First, we will look at the series:

# Plot series
autoplot(pigs) +
  scale_y_continuous(labels=comma) +
  labs(title="Monthly Pig Slaughter", subtitle = "Victoria, Australia",
       y="# Animals", x="Year")

The plot above shows that there may not be a clear trend, but there does appear to be some possible seasonality. So, the SES method might not be appropriate here but that is what the question has asked us to do so we will proceed.

# Use simple exponential smoothing
pigs.ses <- ses(pigs,h=4)

# Get the optimized parameters
pigs.ses$model
## Simple exponential smoothing 
## 
## Call:
##  ses(y = pigs, h = 4) 
## 
##   Smoothing parameters:
##     alpha = 0.2971 
## 
##   Initial states:
##     l = 77260.0561 
## 
##   sigma:  10308.58
## 
##      AIC     AICc      BIC 
## 4462.955 4463.086 4472.665

The output from the ses() function shows us an \(\alpha\) value of 0.2971 and an initial state (\(\ell_0\)) of 77260.0561.

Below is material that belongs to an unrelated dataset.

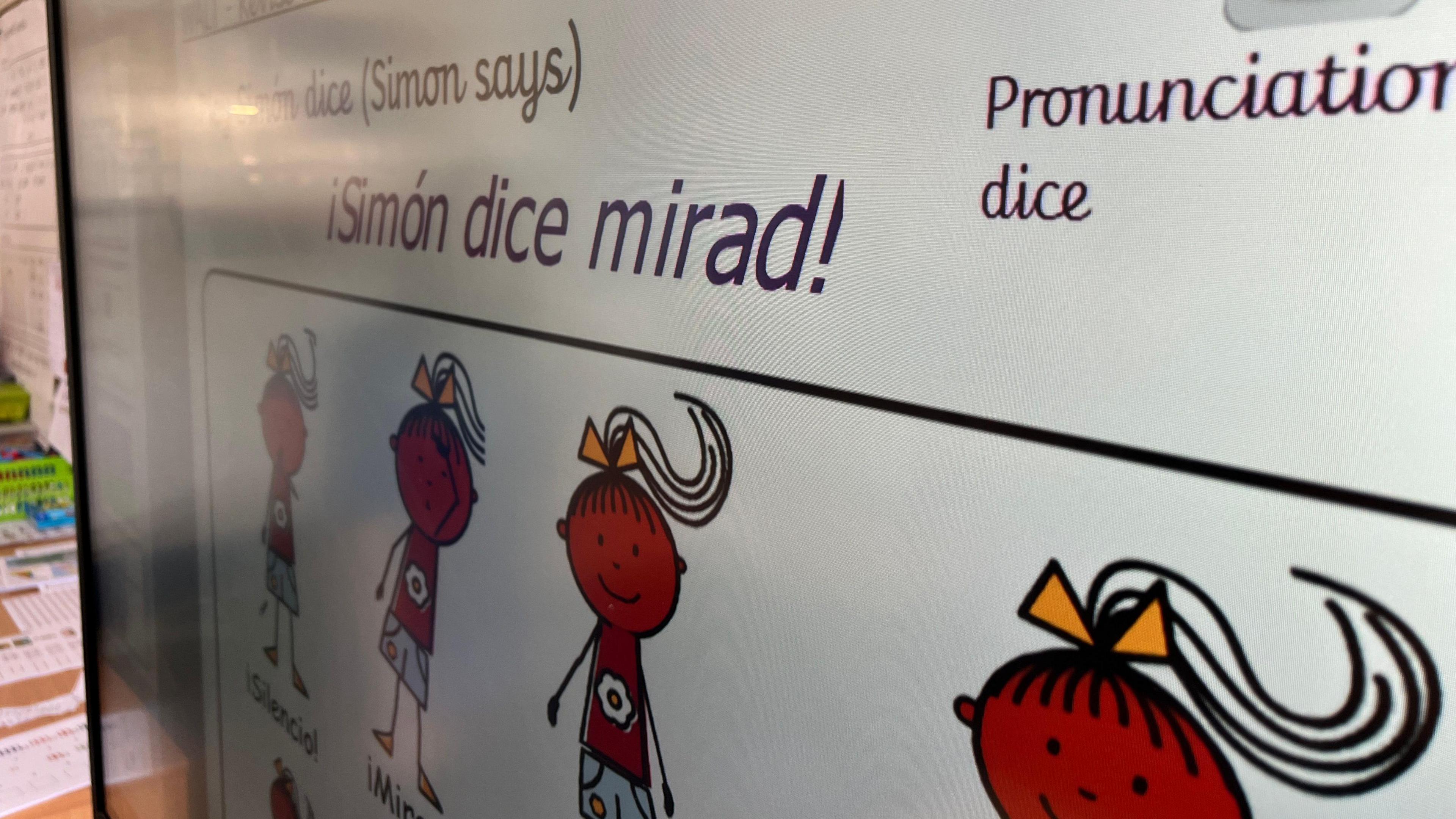 A close up picture of an electronic whiteboard in school. It shows hand drawn figures of a girl with a bow in her hair. she is pointing to different areas of her body and giving Simon Says instructions in Spanish.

# Plot series and smoothing
autoplot(pigs, series="Original") +
  autolayer(pigs.ses$fitted, series="Smoothed") +
  autolayer(pigs.ses, series="Smoothed") +
  scale_color_manual(name="",
                     values=c("Original"="grey50","Smoothed"="darkred"),
                     breaks=c("Original","Smoothed")) +
  scale_y_continuous(labels=comma) +
  labs(title="Monthly Pig Slaughter", subtitle = "Victoria, Australia",
       y="# Animals", x="Year")

b) Compute a 95% prediction interval for the first forecast using \(\hat{y}\pm1.96s\) where \(s\) is the standard deviation of the residuals. Compare your interval with the interval produced by R.
# Compute 95% confidence interval for first predicted value
int <- sd(pigs.ses$residuals) * 1.96
low <- pigs.ses$mean[1] - int
high <- pigs.ses$mean[1] + int

list(Low = low, High = high)
## $Low
## [1] 78679.97
## 
## $High
## [1] 118952.8

We can then compare to the built-in prediction confidence intervals:

list(Low = pigs.ses[["lower"]][1,2], High = pigs.ses[["upper"]][1,2])
## $Low
##      95% 
## 78611.97 
## 
## $High
##      95% 
## 119020.8

The manual interval is 40,272.88 wide, while the interval predicted from the R function is a slightly-less optimistic 40,408.88 wide.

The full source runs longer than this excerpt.